(Short text fragments from websites)
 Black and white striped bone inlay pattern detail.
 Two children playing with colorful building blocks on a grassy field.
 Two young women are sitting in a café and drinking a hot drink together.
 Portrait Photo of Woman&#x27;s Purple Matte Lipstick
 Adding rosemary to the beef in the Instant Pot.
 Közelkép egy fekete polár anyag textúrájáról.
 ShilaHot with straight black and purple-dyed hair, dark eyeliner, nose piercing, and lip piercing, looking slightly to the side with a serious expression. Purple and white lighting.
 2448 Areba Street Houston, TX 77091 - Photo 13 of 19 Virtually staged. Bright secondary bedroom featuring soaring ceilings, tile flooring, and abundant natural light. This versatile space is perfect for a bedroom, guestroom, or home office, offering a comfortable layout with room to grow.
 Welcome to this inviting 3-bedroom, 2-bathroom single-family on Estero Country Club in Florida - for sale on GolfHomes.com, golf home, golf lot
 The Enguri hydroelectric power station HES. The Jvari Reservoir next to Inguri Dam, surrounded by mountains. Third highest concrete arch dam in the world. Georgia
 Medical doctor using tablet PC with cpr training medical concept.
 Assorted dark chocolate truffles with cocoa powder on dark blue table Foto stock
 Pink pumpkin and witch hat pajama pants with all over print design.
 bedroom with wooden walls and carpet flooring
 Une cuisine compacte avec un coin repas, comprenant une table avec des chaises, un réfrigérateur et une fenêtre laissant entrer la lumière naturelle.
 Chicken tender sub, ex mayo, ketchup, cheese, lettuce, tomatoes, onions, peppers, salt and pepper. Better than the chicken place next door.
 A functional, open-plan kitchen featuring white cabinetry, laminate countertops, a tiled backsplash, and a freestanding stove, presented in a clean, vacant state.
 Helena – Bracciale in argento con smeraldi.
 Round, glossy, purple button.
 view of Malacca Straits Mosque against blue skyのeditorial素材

HOW TO COMPLETE THIS TASK: Retype exactly, and only, the lines above from the one where "Közelkép egy fekete" occurs up to and including the one where "ShilaHot with straight" occurs.

EXPECTED ANSWER:
 Közelkép egy fekete polár anyag textúrájáról.
 ShilaHot with straight black and purple-dyed hair, dark eyeliner, nose piercing, and lip piercing, looking slightly to the side with a serious expression. Purple and white lighting.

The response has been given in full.